Goal of the exercise:
Word for word, set down the records and skip each picture.

Stored data

================================

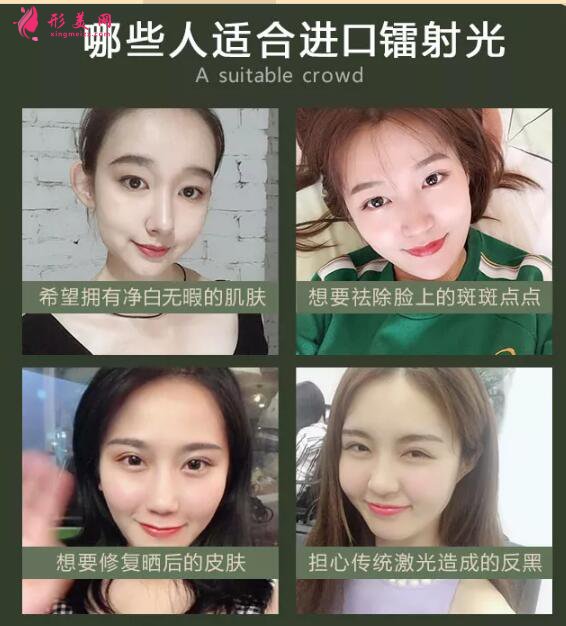 白瓷娃娃美容多少錢?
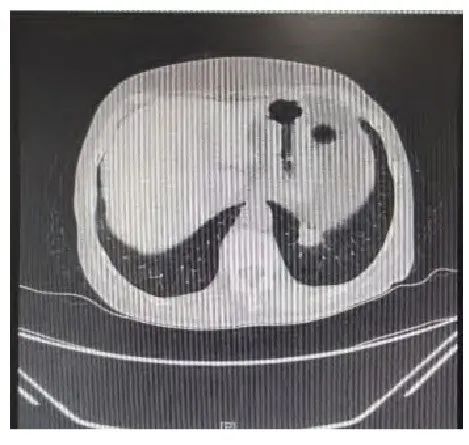 Professor Yan Guizhen's Experience in Treating Pulmonary Nodules Using the Principle of Supporting the Right and Expelling Pathogenic Factors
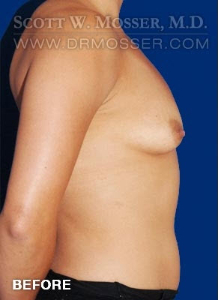 Breast Augmentation Patient 13760 Before Photo # 5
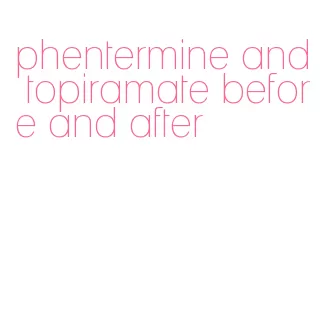 phentermine and topiramate before and after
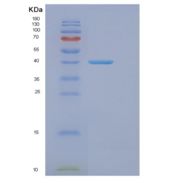 人真核翻译起始因子3F(EIF3F)重组蛋白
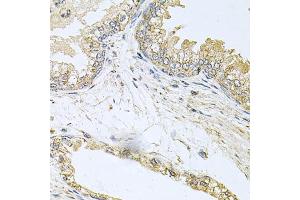 Immunohistochemistry of paraffin-embedded human prostate using BCR antibody (ABIN6003491) at dilution of 1/100 (40x lens).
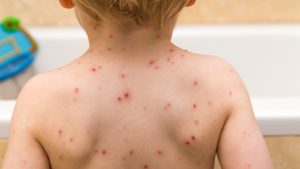 Chickenpox party at centre of B.C. small claims dispute – CTV News Vancouver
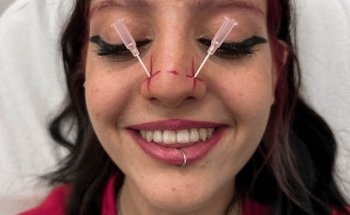 The Santos Mafia Tattoo - Piercing - Laser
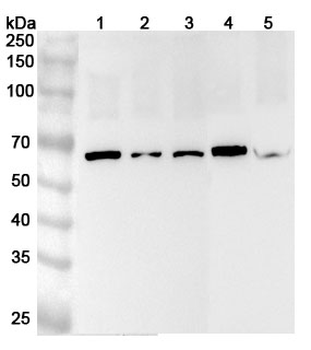 CETP Rabbit Polyclonal Antibody
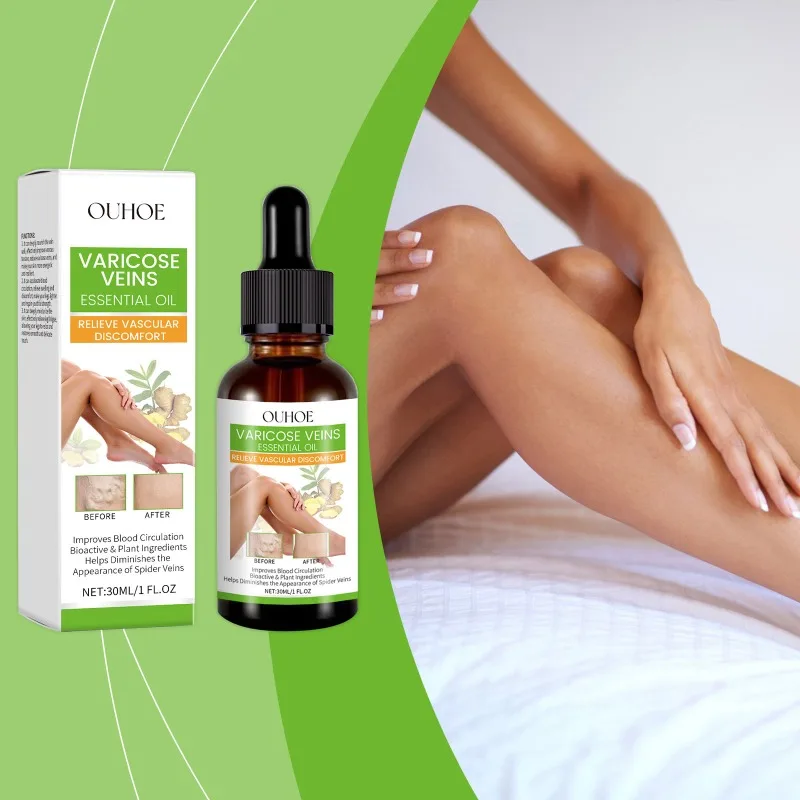 Varicose Vein Essential Oil Relief Phlebitis Spider Varicose Pain Treatment Body Feet Effective Repair Vein Care Health 30ml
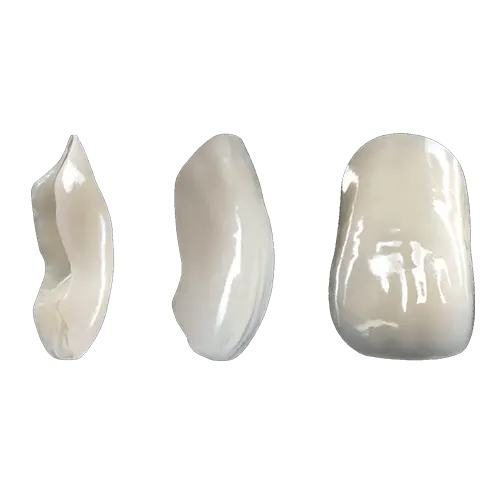 Zirconia Veneer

================================

Answer to the exercise:
 白瓷娃娃美容多少錢?
 Professor Yan Guizhen's Experience in Treating Pulmonary Nodules Using the Principle of Supporting the Right and Expelling Pathogenic Factors
 Breast Augmentation Patient 13760 Before Photo # 5
 phentermine and topiramate before and after
 人真核翻译起始因子3F(EIF3F)重组蛋白
 Immunohistochemistry of paraffin-embedded human prostate using BCR antibody (ABIN6003491) at dilution of 1/100 (40x lens).
 Chickenpox party at centre of B.C. small claims dispute – CTV News Vancouver
 The Santos Mafia Tattoo - Piercing - Laser
 CETP Rabbit Polyclonal Antibody
 Varicose Vein Essential Oil Relief Phlebitis Spider Varicose Pain Treatment Body Feet Effective Repair Vein Care Health 30ml
 Zirconia Veneer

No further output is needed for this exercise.